Primary LanguagePython

proxy scraping and range requests tests

A proxy that only returns the bits of content you want. (like YQL used to)

(And a service to tell you which bits they might be.)

install

cd proxytest
python3 -m venv venv
. venv/bin/activate
python3 -m pip install -r requirements.txt

run

. venv/bin/activate
python server.py

then just drag index.html into a browser.

endpoints

/c?url=xxx&query=xxx

Get content like a regular proxy but passing a css query to get just the content you want.

http://localhost:8000/c?url=google.com&query=a

/b?url=xxx&query=xxx

passing a css query and webpage. Returns the byte positions of the data in the file.

might look something like...

localhost:8000/b?site=somesite.com&query=a[href*='twitter']

Would return...

[ [startpos_in_bytes, endpos_in_bytes], ... ]

Allowing you to then make follow up Ajax range request for the given data.

further goals:

  • make a follow up range request for the given bytes.

Making Range Requests can get you parts of a file.
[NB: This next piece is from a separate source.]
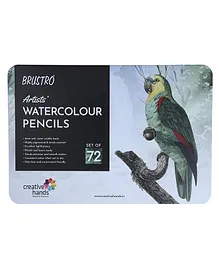 Brustro Artists' Watercolour Pencils with Tin Box Set of 72 - Multicolour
See...

https://en.wikipedia.org/wiki/Byte_serving

https://developer.mozilla.org/en-US/docs/Web/HTTP/Range_requests

github tests don't seem to work due to CORB or CORS issues (only happens when using a range header.)

/q

Answering questions with css queries.

TODO

test loading in some content from range requests from a single huge file.

xpath as well as css queries. (old yahoo service that used to do that.) << domonic doesn't do xpath yet. (is it in std lib?)

Notes

try a curl first to see if range requests work on a given site.
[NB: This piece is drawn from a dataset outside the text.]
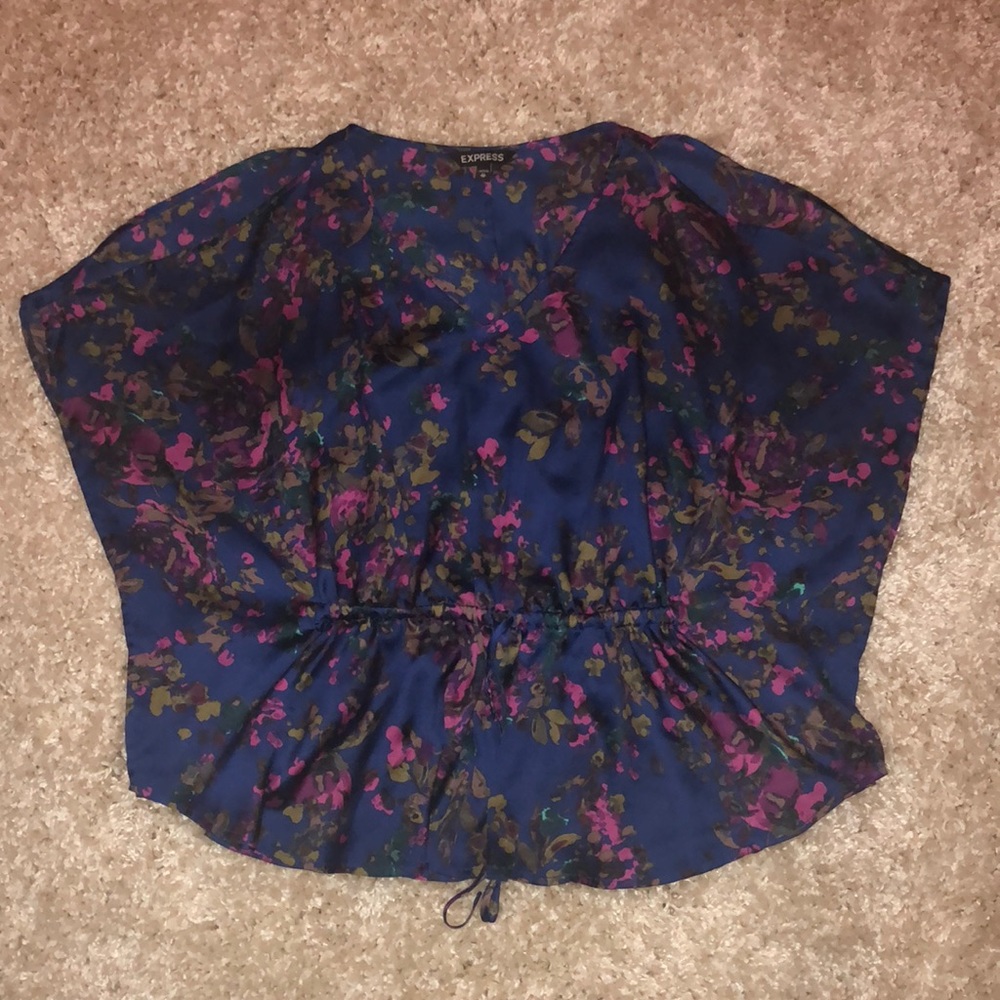Blue floral batwing silk top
i.e github seems to work on resources when using curl...

curl -r 0-119 https://raw.githubusercontent.com/byteface/domonic/master/docs/_templates/sidebarintro.html

but I think they are missing all the necessary CORS headers for range requests in the browser. As only works for whole file not partials. trying jsonp causes issues with CORB due to mime type not matching.